One feature of the XML specification that many people now assume was somehow inherent in its design but was actually not is the concept of draconian error handling. Among the members of the group working on the spec, there were actually two camps with differing views on error handling:

  • the camp of so-called "Draconians" (which included Tim Bray, Jon Bosak and others), which favored the requirement that all well-formedness errors be treated as fatal errors -- in contrast to the approach to error handling already used in existing Web browsers, which Tim Bray referred to as a "race-to-the-bottom a la HTML"
  • the camp of so-called "Tolerants" (James Clark, Eliot Kimber, Michael Sperberg-Mcqueen, Dave Hollander, and others), which favored a form of non-fatal error-handling closer to what Web browsers already used when processing HTML
In May of 1997, the group took a vote, which the Draconians won 7-4, and draconian error handling thus became forever  enshrined in XML.
However, despite the outcome of the vote, even some members of the group continued to advocate for non-draconian error handling -- most notably the group's Technical Lead, James Clark, who wrote:
I think users and application builders should have a choice with what they do with invalid data. I cannot see how a user or application builder can be disadvantaged by being provided with this choice, and I therefore plan to continue to provide it even if the spec says that this is non-conforming. For a summary that includes quotations from a number of people from both camps who took part in the discussion, see Mark Pilgrim's The history of draconian error handling in XML

When the XHTML 1.0 Recommendation is published, one of its inherent principles is draconian error handling -- something previously foreign to HTML and seen by many as fundamentally not Web-friendly -- since it was at the time (and continues to be) at odds with how existing browser actually process existing HTML content.

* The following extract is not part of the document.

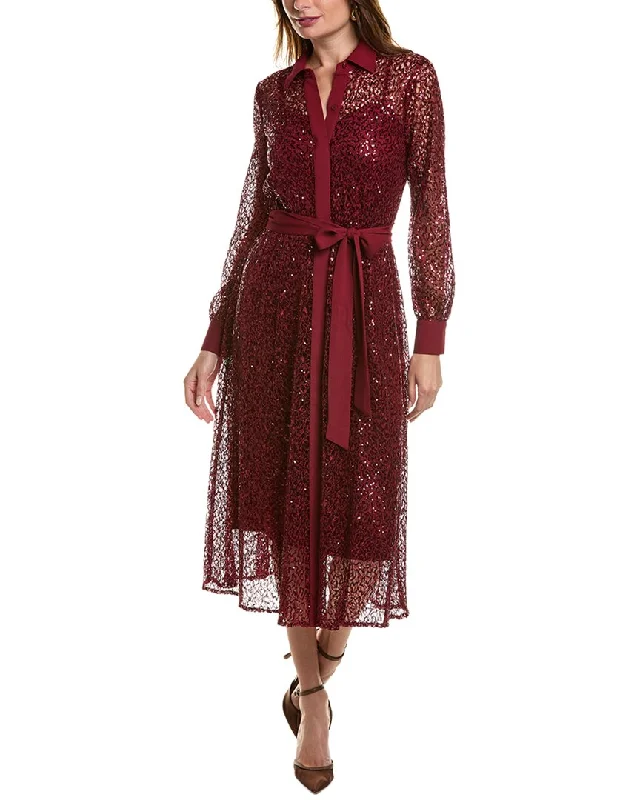 Anne Klein Sequin Lace Shirtdress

The first month of 2004 saw a flurry of blog postings and mailing-list postings related to dealing with the problem of not-well-formed and invalid content in syndicated feeds. Among others, Mark Pilgrim and Ian Hickson advocated the position that draconian error handling was a counterproductive way of dealing with problem.

Various people have tried to mandate this principle out of existence, some going so far as to claim that Postel’s Law should not apply to XML, because (apparently) the three letters X, M, and L are a magical combination that signal a glorious revolution that somehow overturns the fundamental principles of interoperability.
The client is the wrong place to enforce data integrity. It’s just the wrong place. I hear otherwise intelligent people claim that if everyone did it, it would be okay. No, if everyone did it, it would be even worse. If you want to do it, of course I can’t stop you. But think about who it will hurt.
Authors will write invalid content regardless. If the specification doesn't say what should happen, then once there is a dominant browser, its error handling (whether intentionally designed or just a side-effect of the implementation) will become the de facto standard... Specifications should explicitly state what the error recovery rules are. They should state what the authors must not do, and then tell implementors what they must do when an author does it anyway... Specifications should ensure that compliant implementations interoperate, whether the content is valid or not.

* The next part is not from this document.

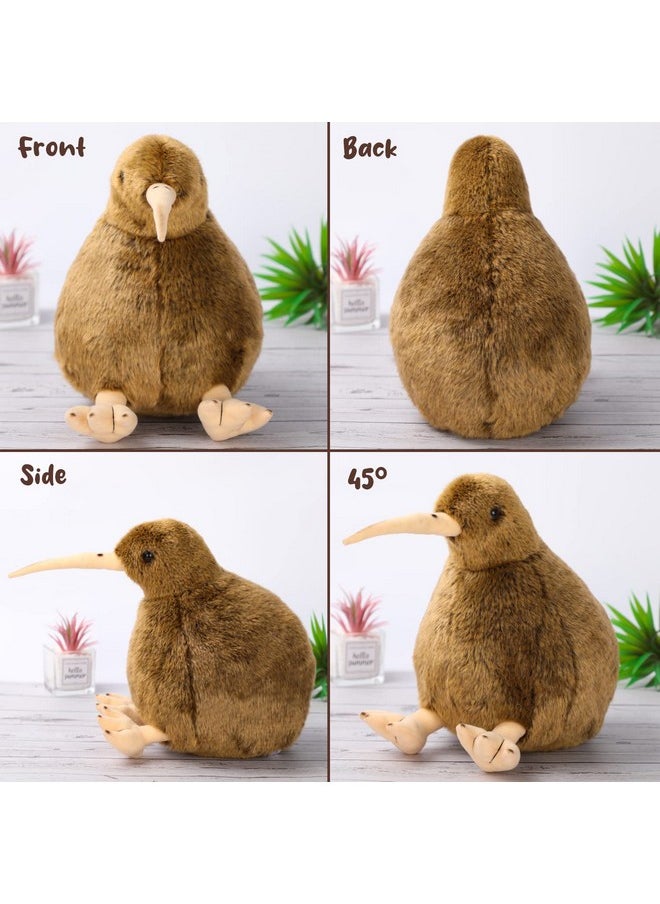 AULUDA - Kiwi Bird Plush Toy, Stuffed Animal Furry Kiwi Plushie Doll, Soft Fluffy Like Real Bird Hugging Toy - Present For Every Age & Occasion - Image 1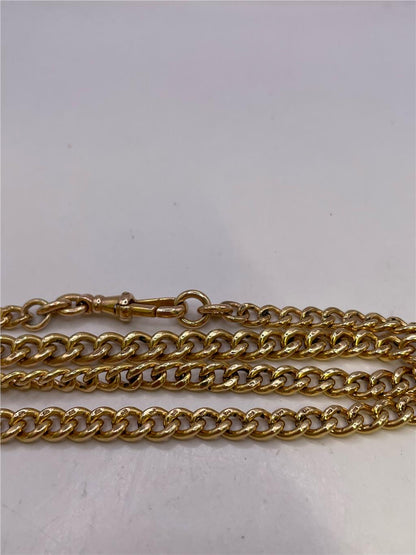 9ct yellow gold chain weighing 36.8g, unbranded, with a classic link design, showcased in a detailed close-up image.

Later in 2004, Mark Pilgrim published and an article at XML.com titled XML on the Web Has Failed:

  • XML on the Web has failed. Miserably, utterly, completely. Multiple specifications and circumstances conspire to force 90% of the world into publishing XML as ASCII. But further widespread bugginess counteracts this accidental conspiracy, and allows XML to fulfill its first promise ("publish in any character encoding") at the expense of the second ("draconian error handling will save us").
  • The promise of "draconian error handling will save us" was an empty promise. Whatever interoperability we now enjoy has not been rooted in draconian error handling. Draconianism was a grand experiment, and maybe it could have ensured interoperability if clients hadn't been so buggy and the creators of XML had understood how it interacted with other specifications (like MIME) from the beginning, instead of being blindsided by it years later.